Lower holder 30 is placed above heat exchange member 50 and on heat conductive material 40. Power storage device 100 is thermally connected to heat exchange member 50 with heat conductive material 40 interposed therebetween. Here, thermal connection means a state in which heat can be transferred, and heat conductive material 40 is not necessarily in direct contact with power storage device 100 and heat exchange member 50. Another member such as current collecting plate 60 to be described later may be interposed to achieve indirect contact.

Protrusion 131 of power storage device 100 is inserted into opening part 31 of lower holder 30 and is thermally connected to heat conductive material 40 through opening part 31. Heat generated in power storage device 100 is thermally conducted from outer covering can 129 to can bottom part 130 and further to protrusion 131 formed on can bottom part 130, and the heat is transferred from protrusion 131 to heat conductive material 40. Thus, protrusion 131 forms a heat transfer mechanism that transfers heat generated in power storage device 100 to the outside.

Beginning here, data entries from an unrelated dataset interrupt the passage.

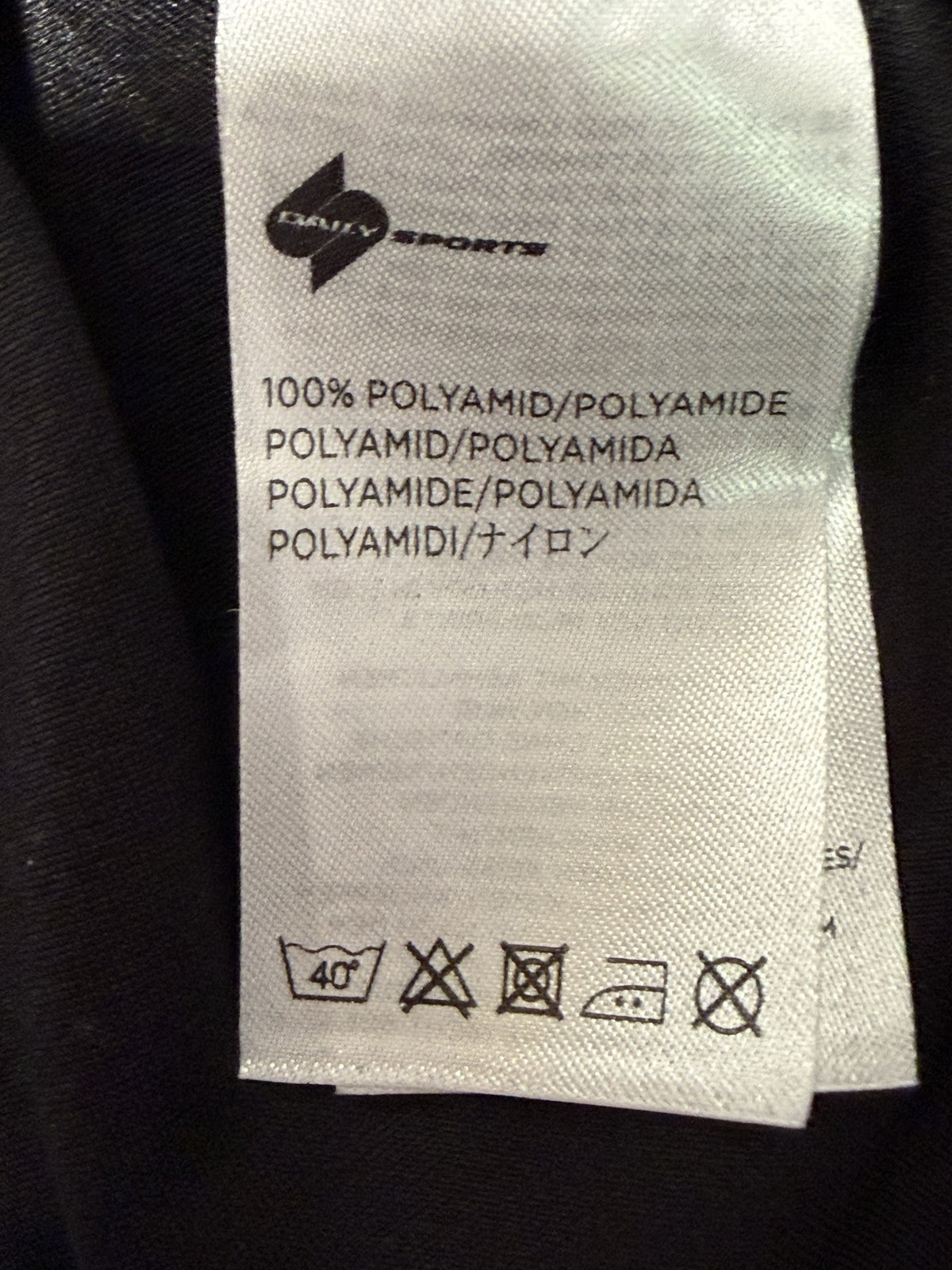 XDS by Daily Sports Long-Sleeve Quarter-Zip care and fabric label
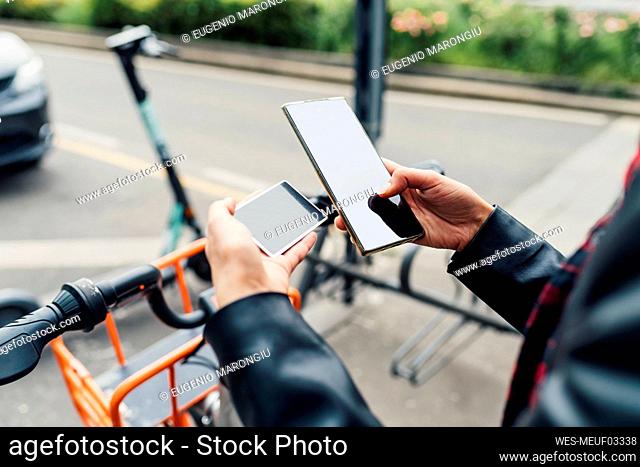 Woman with credit card using smart phone at bicycle parking station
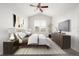 Staged bedroom features bed, furniture, decor, vaulted ceiling, neutral carpet, and a window at 11972 W Long Cir # 204, Littleton, CO 80127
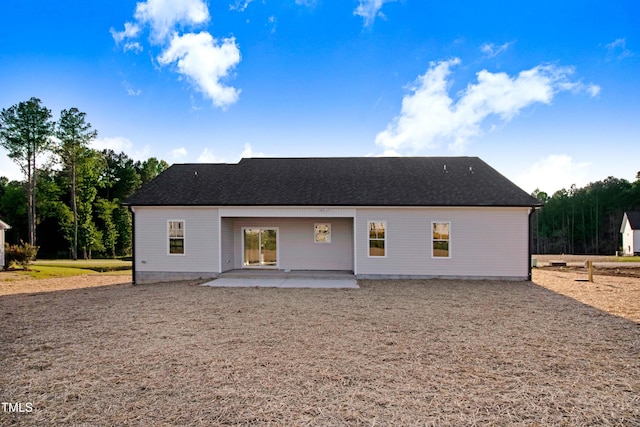 134 Cherrybirch Ln, Zebulon, NC 27597 - rear view of property with a patio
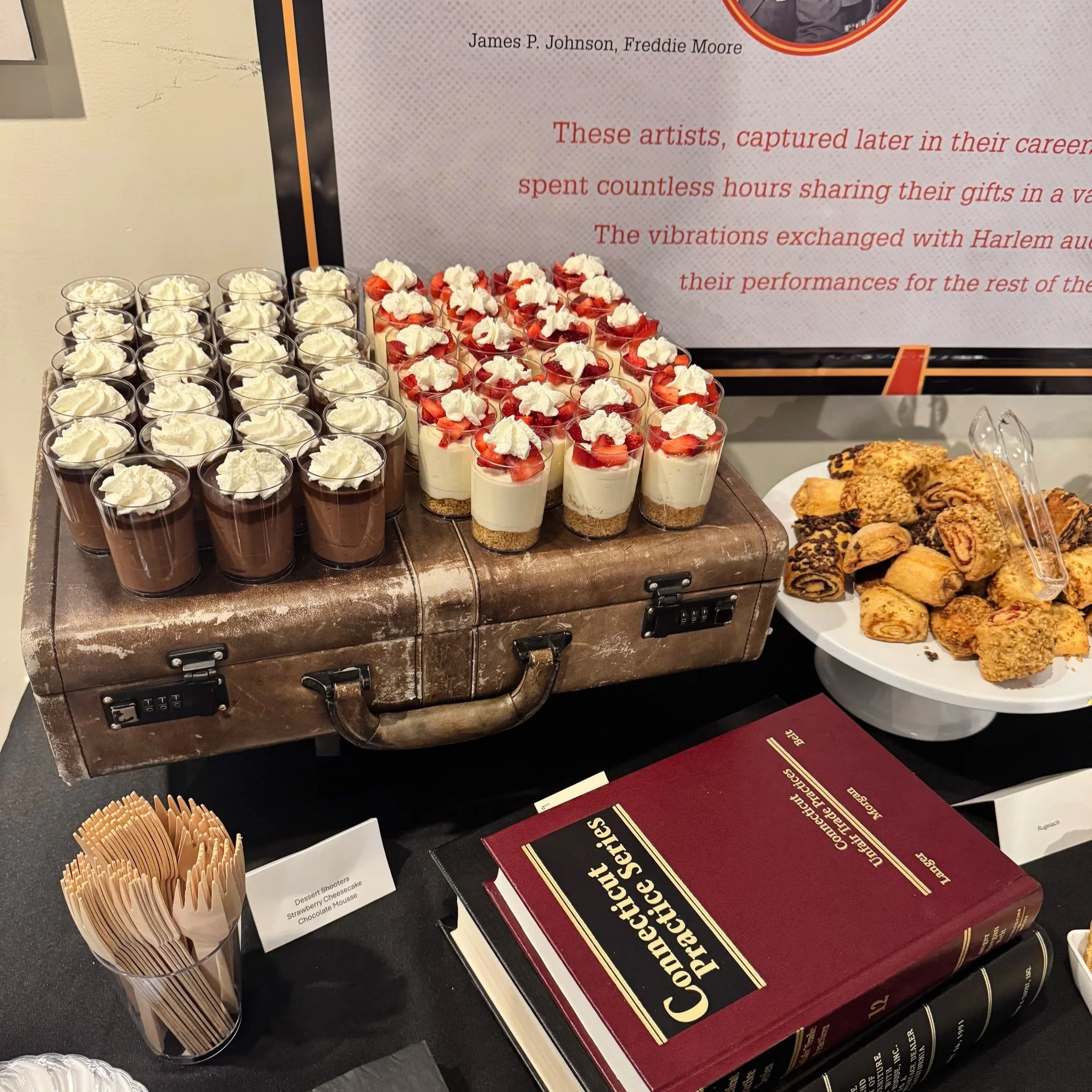 An assortment of desserts including chocolate mousse and strawberry cheesecake cups on a table next to a guide book and a container of uncooked spaghetti.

Heat conductive material 40 is a member that is interposed between protrusion 131 of power storage device 100 and heat exchange member 50, and that thermally connects protrusion 131 of power storage device 100 and heat exchange member 50. Heat conductive material 40 is in the shape of a flat plate sheet (solid) and is made of a resin material filled with a filler. However, heat conductive material 40 is not limited to the shape of a sheet (solid), and a fluid with viscosity in the form of a gel and being cured after elapse of a predetermined time may be used. Heat conductive material 40 may contain silicon, for example.

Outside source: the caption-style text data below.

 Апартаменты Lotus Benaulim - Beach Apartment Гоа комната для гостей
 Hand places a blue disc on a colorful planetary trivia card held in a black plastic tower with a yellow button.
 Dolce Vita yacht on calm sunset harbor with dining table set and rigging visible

Heat exchange member 50 is disposed facing a bottom surface of lower holder 30, for example, to cool the lower end part of power storage device 100. Heat exchange member 50 in the present example uses metal in the shape of a plate with thermal conductivity, but may use a water-cooled pipe, an air-cooled fin, a refrigerant cooled pipe, a panel heater, a sheet heater, or the like.

First Exemplary Embodiment

FIG. 3 illustrates a heat transfer structure of power storage device 100 used in power storage module 10 of the present exemplary embodiment. FIG. 3 illustrates only upper holder 20, lower holder 30, heat conductive material 40, and heat exchange member 50 around one power storage device 100 in power storage module 10. Alternatively, a current collecting plate electrically connected to protrusion 131 may be provided between lower holder 30 and heat conductive material 40. The current collecting plate may be provided close to upper holder 20, but is not illustrated.

Power storage device 100 of the present exemplary embodiment has a structure in which the upper end part including sealing body 117 is accommodated in upper holder 20 and the lower end part including can bottom part 130 and protrusion 131 is accommodated in lower holder 30. As described above, sealing body 117 is gas exhaust mechanism 101 of power storage device 100, and protrusion 131 of can bottom part 130 is heat transfer mechanism 102 of power storage device 100.

Upper holder 20 includes opening part 21 in which an electrode terminal provided close to sealing body 117 is connected to a current collecting plate (not illustrated), and thus opening part 21 functions as a gas exhaust hole for exhausting an internal gas through sealing body 117.

Lower holder 30 includes opening part 31 in which protrusion 131 provided on can bottom part 130 is closely accommodated. Protrusion 131 protruding from can bottom part 130 is formed with the amount of protrusion (length) that is substantially equal to a height of opening part 31 of lower holder 30. As a result, protrusion 131 has a distal end flush with a lower surface of the lower holder. However, the amount of protrusion 131 and the height of opening part 31 may not be completely equal to each other as will be described later. Specifically, a difference in length in a range in which thermal connection between protrusion 131 and heat conductive material 40 can be formed due to expansion and contraction of heat conductive material 40 (heat conductive sheet) is allowed (See FIGS. 4 and 5).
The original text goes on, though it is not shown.